I am trying to write a Julia function that performs a find and replace operation on each element in an array of strings using regular expressions. It is essentially a wrapper around a broadcasted replace()
call. If you are familiar with R's stringr package, this function should more or less work the same as stringr::str_replace_all()
.
The code below replaces all instances of 'ee' with 'EE', replacing "greetings" with "grEEtings":
arr = ["hi", "hello", "welcome", "greetings"]
replace.(arr, r"e{2}" => "EE")
The function I wrote does not replace any values in array arr:
function str_replace_all(string::String, pattern::String, replacement::String)
replace.(string, Regex(pattern) => replacement)
end
str_replace_all(arr, "e{2}", "EE")
What went wrong? Thanks!
CodePudding user response:
drop type annotations in your function and it should work:
julia> arr = ["hi", "hello", "welcome", "greetings"]
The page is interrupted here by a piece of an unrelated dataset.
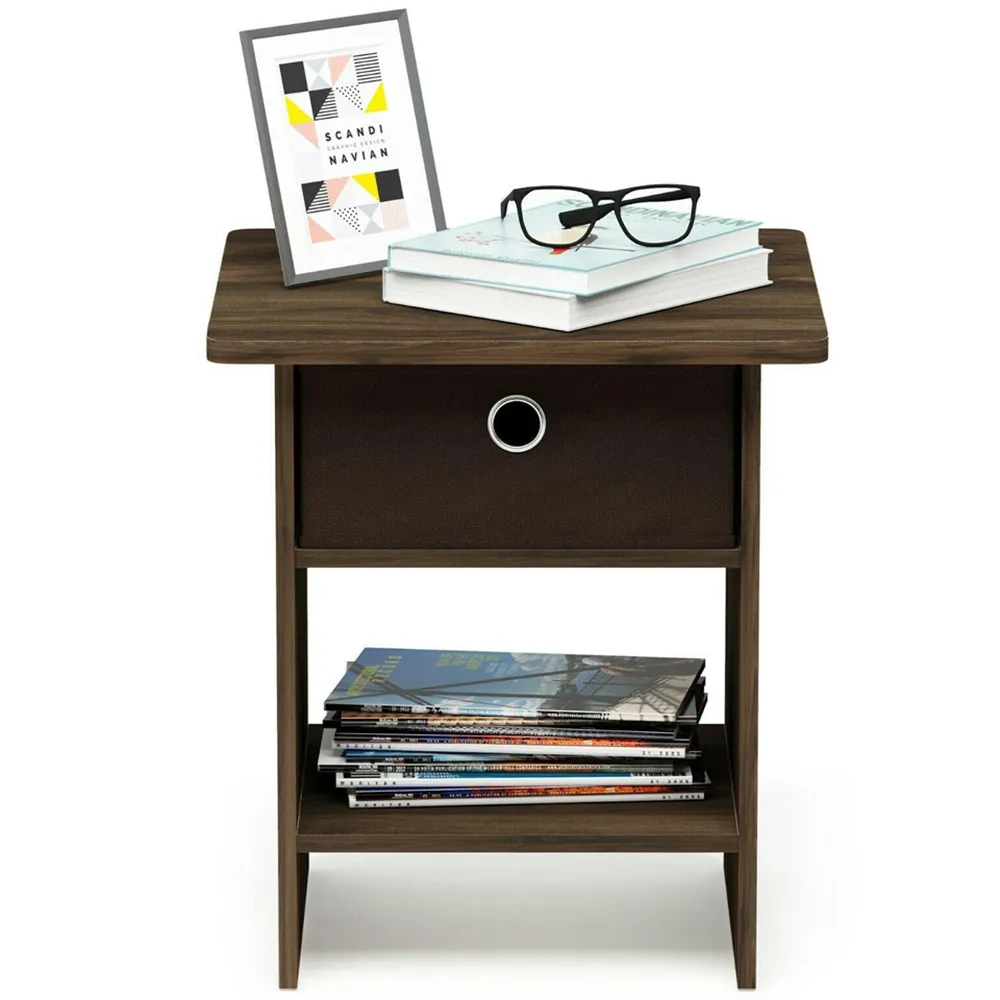 Dario Single Drawer End Table with Shelf - Brown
julia> function str_replace_all(string, pattern, replacement)
replace.(string, Regex(pattern) => replacement)
end
CodePudding user response:
The code you provided does not yet run, since you are trying to pass a String, but your function expects an Array of Strings. You either have to:
Remove the type annotation of
string::String
in the function definition, orvectorize your function when calling it, using the '.' syntax:
str_replace_all.(arr, "e{2}", "EE")
It should also be noted that your function will not replace strings in the array, it will create a new array containing the replaced values. If you want to get the replaced values in your array, you could do something like:
function str_replace_all(string, pattern::String, replacement::String)
replace.(string, Regex(pattern) => replacement)
end
arr = str_replace_all(arr, "e{2}", "EE")
CodePudding user response:
You have to actually modify the array:
function str_replace_all!(arr, pattern, replacement)
arr .= replace.(arr, pattern => replacement)
end
You should put a !
at the end of the function name to signal that it mutates the input. That is only a convention, it has no effect, but you should follow it nonetheless.